Jacobite, *With Allies Like This...*: Excellent portrayal of how waiting can be worse than any threat.

jonileth, *What Hatred Burns Beneath*: Very good ending. However it was a touch too narrative in places.

Lord of the Night, *Skydeath*: Good variation of sentence and paragraph length, and a great portrayal of mutating into a machine.

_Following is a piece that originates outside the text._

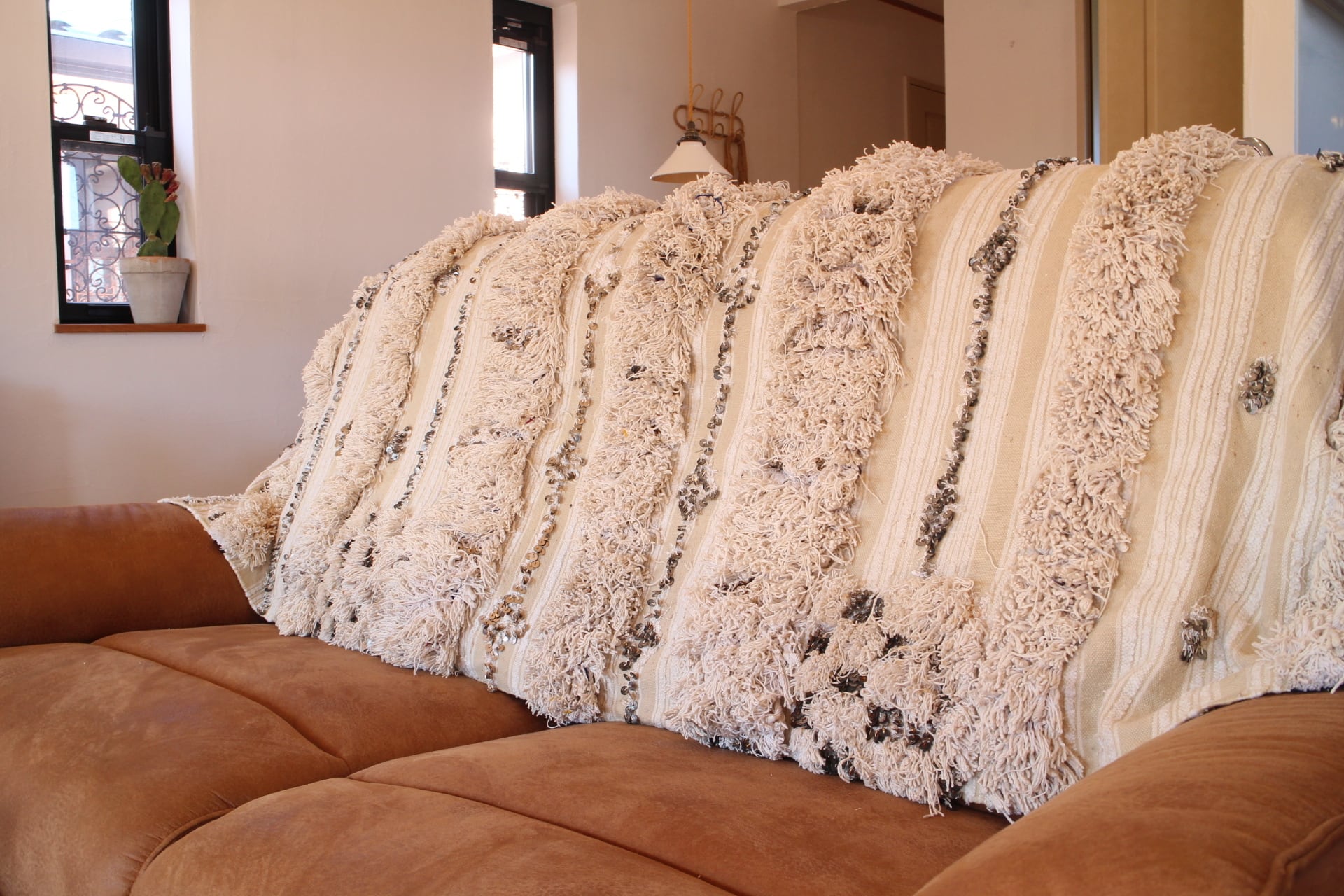 モロッコ ハンディラソファカバー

Mossy Toes, *Eremite*: Good characterisation, and brought to a fitting conclusion

Sangus Bane, *Veiled Clarity*: A great concept. However I found the viewpoint a little too incoherent to build sympathy for the protagonist in such a short piece.


----------



## Lord of the Night (Nov 18, 2009)

1st place: Liliedhe - The Splinter in my Brother's Eye (3pts)
2nd place: Mossy Toes - Eremite (2pts)
3rd place: Dave T Hobbit - Pig Boy (1pt)


LotN


----------



## Boc (Mar 19, 2010)

And voting has been closed! Congratulations to all the winners (soon to be posted) and thank you to the writers and those that took the time to read and vote. The results for 13-03 are:

*3rd Place* - 9 Points
Mossy Toes's _Eremite_

*2nd Place* - 14 Points
Dave T Hobbit's _Pig Boy_ (lost out at the last second!)

And a return of the champion!

*1st Place* - 17 points
Liliedhe's _The Splinter in my Brother's Eye_

The winning thread will soon be up in the Winning HOES, and expect the 13-04 entry up soon!


----------



## Myen'Tal (Sep 4, 2009)

Thanks to everyone who voted for mek:, really appreciate it and congrats to the winners! On to the next one I suppose:grin:.


----------



## Liliedhe (Apr 29, 2012)

Thanks to everyone who voted for me 

PS Boc, dont you mean "1st place"?


----------



## Dave T Hobbit (Dec 3, 2009)

Well done everyone.



Liliedhe said:


> Boc, dont you mean "1st place"?


With Boc involved there are no winners.:laugh:


----------